HttpClient 透過檢測 connection 是否 stale 的方式來解決這個問題,但 stale connection check 並不是 100% reliable。另一個方式就是用專屬的 monitor thread 監控 evict connections,他會定時呼叫 ClientConnectionManager#closeExpiredConnections(),關閉 expired connections,並evict closed connections from pool (呼叫 ClientConnectionManager#closeIdleConnections())。
import org.apache.http.conn.HttpClientConnectionManager;
import java.util.concurrent.TimeUnit;
public class IdleConnectionMonitorThread extends Thread {
private final HttpClientConnectionManager connMgr;
private volatile boolean shutdown;
public IdleConnectionMonitorThread(HttpClientConnectionManager connMgr) {
super();
this.connMgr = connMgr;
}
@Override
public void run() {
try {
while (!shutdown) {
synchronized (this) {
wait(5000);
// Close expired connections
connMgr.closeExpiredConnections();
// Optionally, close connections
// that have been idle longer than 30 sec
connMgr.closeIdleConnections(30, TimeUnit.SECONDS);
}
}
} catch (InterruptedException ex) {
// terminate
}
}
public void shutdown() {
shutdown = true;
synchronized (this) {
notifyAll();
}
}
}
connection keep alive strategy
HTTP spec 沒有規定 connection 要保持 alive 多久,有些 Server 使用非標準的 Keep-Alive header,一般 http server 都會設定一段時間沒有活動的 http connection 會被刪除,但不會通知 client side。
public class Test {
public static void main(String[] args) {
ConnectionKeepAliveStrategy myStrategy = new ConnectionKeepAliveStrategy() {
public long getKeepAliveDuration(HttpResponse response, HttpContext context) {
// Honor 'keep-alive' header
HeaderElementIterator it = new BasicHeaderElementIterator(
response.headerIterator(HTTP.CONN_KEEP_ALIVE));
while (it.hasNext()) {
HeaderElement he = it.nextElement();
String param = he.getName();
String value = he.getValue();
if (value != null && param.equalsIgnoreCase("timeout")) {
try {
return Long.parseLong(value) * 1000;
} catch (NumberFormatException ignore) {
}
}
}
HttpHost target = (HttpHost) context.getAttribute(
HttpClientContext.HTTP_TARGET_HOST);
if ("www.server.com".equalsIgnoreCase(target.getHostName())) {
// Keep alive for 5 seconds only
return 5 * 1000;
} else {
// otherwise keep alive for 30 seconds
return 30 * 1000;
}
}
};
CloseableHttpClient client = HttpClients.custom()
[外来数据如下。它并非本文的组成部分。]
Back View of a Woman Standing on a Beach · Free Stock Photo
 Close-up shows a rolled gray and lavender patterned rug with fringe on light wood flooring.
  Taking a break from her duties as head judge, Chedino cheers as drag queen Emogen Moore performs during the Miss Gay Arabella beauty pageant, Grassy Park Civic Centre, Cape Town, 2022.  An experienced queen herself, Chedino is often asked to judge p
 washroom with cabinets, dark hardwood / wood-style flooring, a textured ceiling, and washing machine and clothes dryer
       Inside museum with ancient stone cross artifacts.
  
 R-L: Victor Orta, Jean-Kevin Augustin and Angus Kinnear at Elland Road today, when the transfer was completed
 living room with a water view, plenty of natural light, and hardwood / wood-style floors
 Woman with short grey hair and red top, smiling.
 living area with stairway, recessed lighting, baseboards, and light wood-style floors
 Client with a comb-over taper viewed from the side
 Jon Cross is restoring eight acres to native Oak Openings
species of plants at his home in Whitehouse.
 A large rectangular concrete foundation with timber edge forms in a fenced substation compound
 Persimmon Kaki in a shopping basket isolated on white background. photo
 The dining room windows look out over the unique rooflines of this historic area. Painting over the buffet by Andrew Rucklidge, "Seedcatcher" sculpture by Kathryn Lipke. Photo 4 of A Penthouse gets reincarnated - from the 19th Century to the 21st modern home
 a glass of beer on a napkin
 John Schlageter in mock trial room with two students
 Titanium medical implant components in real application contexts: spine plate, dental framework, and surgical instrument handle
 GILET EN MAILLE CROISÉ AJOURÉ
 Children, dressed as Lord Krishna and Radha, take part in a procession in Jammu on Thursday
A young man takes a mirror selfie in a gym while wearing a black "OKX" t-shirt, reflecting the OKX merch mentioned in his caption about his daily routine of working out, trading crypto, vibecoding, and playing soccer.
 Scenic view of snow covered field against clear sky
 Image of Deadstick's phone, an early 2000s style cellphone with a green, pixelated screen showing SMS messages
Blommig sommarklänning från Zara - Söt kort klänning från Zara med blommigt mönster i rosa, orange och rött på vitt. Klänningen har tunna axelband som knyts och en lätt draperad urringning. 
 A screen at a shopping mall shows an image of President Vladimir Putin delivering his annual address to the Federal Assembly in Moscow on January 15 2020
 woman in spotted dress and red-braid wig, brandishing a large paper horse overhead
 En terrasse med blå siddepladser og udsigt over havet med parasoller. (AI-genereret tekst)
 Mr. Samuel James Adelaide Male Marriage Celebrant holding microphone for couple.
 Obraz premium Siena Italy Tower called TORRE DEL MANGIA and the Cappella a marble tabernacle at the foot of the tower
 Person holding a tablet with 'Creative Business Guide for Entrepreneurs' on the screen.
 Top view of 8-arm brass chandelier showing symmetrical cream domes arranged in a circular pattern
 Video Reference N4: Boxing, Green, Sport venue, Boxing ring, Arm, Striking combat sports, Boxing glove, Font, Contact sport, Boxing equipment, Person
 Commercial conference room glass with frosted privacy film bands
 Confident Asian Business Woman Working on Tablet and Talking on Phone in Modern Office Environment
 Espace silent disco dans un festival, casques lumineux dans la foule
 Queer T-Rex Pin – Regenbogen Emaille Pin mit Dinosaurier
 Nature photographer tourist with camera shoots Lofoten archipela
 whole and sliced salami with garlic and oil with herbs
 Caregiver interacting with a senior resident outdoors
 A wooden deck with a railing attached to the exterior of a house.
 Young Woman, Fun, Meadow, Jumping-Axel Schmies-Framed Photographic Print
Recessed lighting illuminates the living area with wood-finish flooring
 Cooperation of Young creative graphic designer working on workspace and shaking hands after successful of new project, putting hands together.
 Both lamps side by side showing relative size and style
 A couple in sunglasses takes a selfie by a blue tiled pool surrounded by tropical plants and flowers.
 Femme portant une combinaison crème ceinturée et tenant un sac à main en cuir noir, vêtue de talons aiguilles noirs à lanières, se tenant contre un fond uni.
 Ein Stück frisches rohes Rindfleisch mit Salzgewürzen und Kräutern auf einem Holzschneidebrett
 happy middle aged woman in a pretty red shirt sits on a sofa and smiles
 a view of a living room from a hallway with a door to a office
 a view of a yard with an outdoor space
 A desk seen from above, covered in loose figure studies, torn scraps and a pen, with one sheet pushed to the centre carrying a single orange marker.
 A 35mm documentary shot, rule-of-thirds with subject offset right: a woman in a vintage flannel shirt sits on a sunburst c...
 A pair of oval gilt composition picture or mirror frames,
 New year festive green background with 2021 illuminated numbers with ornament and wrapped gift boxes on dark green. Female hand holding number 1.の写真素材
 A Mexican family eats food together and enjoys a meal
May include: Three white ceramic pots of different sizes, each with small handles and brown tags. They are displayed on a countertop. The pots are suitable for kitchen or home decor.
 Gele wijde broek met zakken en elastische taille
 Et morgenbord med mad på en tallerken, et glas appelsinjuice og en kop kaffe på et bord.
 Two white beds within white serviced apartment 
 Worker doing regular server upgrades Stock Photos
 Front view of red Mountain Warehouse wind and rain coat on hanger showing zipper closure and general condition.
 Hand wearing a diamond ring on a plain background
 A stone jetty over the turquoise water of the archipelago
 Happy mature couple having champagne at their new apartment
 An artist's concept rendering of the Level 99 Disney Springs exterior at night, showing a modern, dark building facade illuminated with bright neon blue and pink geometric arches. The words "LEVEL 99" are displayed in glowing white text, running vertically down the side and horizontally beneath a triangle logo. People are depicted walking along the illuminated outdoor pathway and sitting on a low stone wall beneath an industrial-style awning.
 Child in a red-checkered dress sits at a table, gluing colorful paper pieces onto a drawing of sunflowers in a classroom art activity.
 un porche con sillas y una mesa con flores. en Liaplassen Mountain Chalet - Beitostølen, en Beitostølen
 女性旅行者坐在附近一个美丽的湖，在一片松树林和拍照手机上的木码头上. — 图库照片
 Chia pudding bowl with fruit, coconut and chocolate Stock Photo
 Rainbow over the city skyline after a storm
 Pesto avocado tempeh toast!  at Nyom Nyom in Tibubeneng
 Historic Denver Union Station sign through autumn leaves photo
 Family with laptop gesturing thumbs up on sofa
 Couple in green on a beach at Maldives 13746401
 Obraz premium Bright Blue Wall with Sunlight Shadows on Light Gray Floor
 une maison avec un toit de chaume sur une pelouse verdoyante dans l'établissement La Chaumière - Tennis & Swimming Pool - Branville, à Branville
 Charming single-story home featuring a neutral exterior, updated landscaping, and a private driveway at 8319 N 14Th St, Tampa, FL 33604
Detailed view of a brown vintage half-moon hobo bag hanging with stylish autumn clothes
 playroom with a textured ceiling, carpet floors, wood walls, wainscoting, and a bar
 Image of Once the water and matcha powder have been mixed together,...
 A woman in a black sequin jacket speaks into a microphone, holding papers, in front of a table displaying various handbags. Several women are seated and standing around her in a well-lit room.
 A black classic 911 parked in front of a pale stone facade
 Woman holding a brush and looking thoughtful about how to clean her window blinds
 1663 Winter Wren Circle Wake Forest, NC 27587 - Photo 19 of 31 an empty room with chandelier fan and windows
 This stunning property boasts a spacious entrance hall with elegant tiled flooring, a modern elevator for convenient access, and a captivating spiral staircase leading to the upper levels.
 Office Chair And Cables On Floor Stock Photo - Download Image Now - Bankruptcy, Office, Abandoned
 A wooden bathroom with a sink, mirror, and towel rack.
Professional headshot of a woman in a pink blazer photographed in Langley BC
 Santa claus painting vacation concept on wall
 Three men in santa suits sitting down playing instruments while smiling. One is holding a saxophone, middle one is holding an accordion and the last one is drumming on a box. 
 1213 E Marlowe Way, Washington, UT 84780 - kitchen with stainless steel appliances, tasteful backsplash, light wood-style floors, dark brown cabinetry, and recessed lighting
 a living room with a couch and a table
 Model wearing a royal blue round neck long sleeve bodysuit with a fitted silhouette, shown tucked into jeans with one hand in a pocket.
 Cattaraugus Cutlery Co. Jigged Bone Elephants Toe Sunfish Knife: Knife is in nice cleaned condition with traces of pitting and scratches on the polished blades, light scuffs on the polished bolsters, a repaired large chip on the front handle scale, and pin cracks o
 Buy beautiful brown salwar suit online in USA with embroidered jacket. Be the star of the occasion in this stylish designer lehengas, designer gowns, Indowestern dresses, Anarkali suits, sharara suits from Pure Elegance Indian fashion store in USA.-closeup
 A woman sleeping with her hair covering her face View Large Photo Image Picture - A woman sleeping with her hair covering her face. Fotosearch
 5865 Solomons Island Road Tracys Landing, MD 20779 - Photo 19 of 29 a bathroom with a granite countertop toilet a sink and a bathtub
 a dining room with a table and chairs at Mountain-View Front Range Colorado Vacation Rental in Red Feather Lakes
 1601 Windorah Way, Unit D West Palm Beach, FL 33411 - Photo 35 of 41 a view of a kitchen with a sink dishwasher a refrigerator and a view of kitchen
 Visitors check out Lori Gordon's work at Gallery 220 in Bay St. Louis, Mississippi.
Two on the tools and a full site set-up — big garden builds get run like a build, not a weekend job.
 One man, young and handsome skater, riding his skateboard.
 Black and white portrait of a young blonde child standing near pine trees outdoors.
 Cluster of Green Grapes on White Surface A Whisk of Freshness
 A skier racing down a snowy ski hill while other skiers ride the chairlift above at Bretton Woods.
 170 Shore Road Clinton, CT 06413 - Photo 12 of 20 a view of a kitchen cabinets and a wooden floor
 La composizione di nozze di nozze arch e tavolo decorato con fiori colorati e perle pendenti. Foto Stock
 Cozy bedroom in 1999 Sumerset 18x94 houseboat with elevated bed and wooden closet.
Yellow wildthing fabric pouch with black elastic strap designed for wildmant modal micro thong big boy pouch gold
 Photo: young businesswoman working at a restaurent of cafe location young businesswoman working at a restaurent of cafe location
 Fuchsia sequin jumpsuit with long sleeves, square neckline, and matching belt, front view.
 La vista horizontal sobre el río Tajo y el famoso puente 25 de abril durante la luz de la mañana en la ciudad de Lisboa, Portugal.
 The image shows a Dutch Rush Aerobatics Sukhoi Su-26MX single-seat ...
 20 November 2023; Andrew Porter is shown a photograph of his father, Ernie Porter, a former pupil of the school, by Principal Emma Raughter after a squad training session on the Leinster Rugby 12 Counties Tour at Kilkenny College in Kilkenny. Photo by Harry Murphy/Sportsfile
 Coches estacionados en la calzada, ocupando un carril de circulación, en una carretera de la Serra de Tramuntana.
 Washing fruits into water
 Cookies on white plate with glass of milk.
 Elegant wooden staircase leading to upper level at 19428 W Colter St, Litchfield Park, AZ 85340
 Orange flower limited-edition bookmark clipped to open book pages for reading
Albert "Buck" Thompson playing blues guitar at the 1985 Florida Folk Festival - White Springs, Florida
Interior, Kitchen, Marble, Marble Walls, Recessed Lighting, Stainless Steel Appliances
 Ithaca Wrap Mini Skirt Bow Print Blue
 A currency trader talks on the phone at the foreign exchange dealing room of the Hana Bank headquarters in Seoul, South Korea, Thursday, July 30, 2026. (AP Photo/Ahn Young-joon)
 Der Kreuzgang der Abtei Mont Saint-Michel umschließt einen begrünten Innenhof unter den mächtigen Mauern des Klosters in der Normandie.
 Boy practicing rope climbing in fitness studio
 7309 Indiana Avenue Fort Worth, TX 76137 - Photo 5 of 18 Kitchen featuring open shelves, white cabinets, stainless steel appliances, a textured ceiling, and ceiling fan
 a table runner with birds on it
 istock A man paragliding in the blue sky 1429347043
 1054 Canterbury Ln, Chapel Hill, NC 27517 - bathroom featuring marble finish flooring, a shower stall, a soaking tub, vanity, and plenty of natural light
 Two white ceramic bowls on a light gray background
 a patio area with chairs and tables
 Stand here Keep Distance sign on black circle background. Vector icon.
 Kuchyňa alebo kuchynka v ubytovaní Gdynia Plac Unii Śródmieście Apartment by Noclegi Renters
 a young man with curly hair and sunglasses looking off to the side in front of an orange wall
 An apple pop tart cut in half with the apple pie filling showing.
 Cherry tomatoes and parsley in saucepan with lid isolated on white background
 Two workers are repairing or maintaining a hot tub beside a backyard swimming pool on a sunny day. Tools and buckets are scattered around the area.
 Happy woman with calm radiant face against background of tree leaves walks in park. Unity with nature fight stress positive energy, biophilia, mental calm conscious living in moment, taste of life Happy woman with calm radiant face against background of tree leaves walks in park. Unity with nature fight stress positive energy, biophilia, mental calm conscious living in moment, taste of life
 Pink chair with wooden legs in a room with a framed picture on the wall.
.setKeepAliveStrategy(myStrategy)
.build();
}
}
connection socket factory
Http connection 內部使用 java.net.Socket 物件處理資料傳輸,透過 ConnectionSocketFactory interface 建立, 初始化, 連接 socket。可讓 HttpClient 提供建立 socket 的功能,預設是使用 PlainConnectionSocketFactory 建立 plain sockets。 產生 socket 跟建立 conection 是兩件事,socket 可在 blocked connection operation 時被關閉。
public class Test {
public static void main(String[] args) {
HttpClientContext clientContext = HttpClientContext.create();
PlainConnectionSocketFactory sf = PlainConnectionSocketFactory.getSocketFactory();
try {
Socket socket = sf.createSocket(clientContext);
int timeout = 1000; //ms
HttpHost target = new HttpHost("localhost");
InetSocketAddress remoteAddress = new InetSocketAddress(
InetAddress.getByAddress(new byte[] {127,0,0,1}), 80);
sf.connectSocket(timeout, socket, target, remoteAddress, null, clientContext);
} catch (IOException e) {
e.printStackTrace();
}
}
}
LayeredConnectionSocketFactory 是 ConnectionSocketFactory 的 extension,可在既有的 plain sokcet 建立 layered socket。socket layering 主要是用來透過 proxies 建立 secure sockets。 HttpClient 提供 SSLSocketFactory 實作了 SSL/TLS layering。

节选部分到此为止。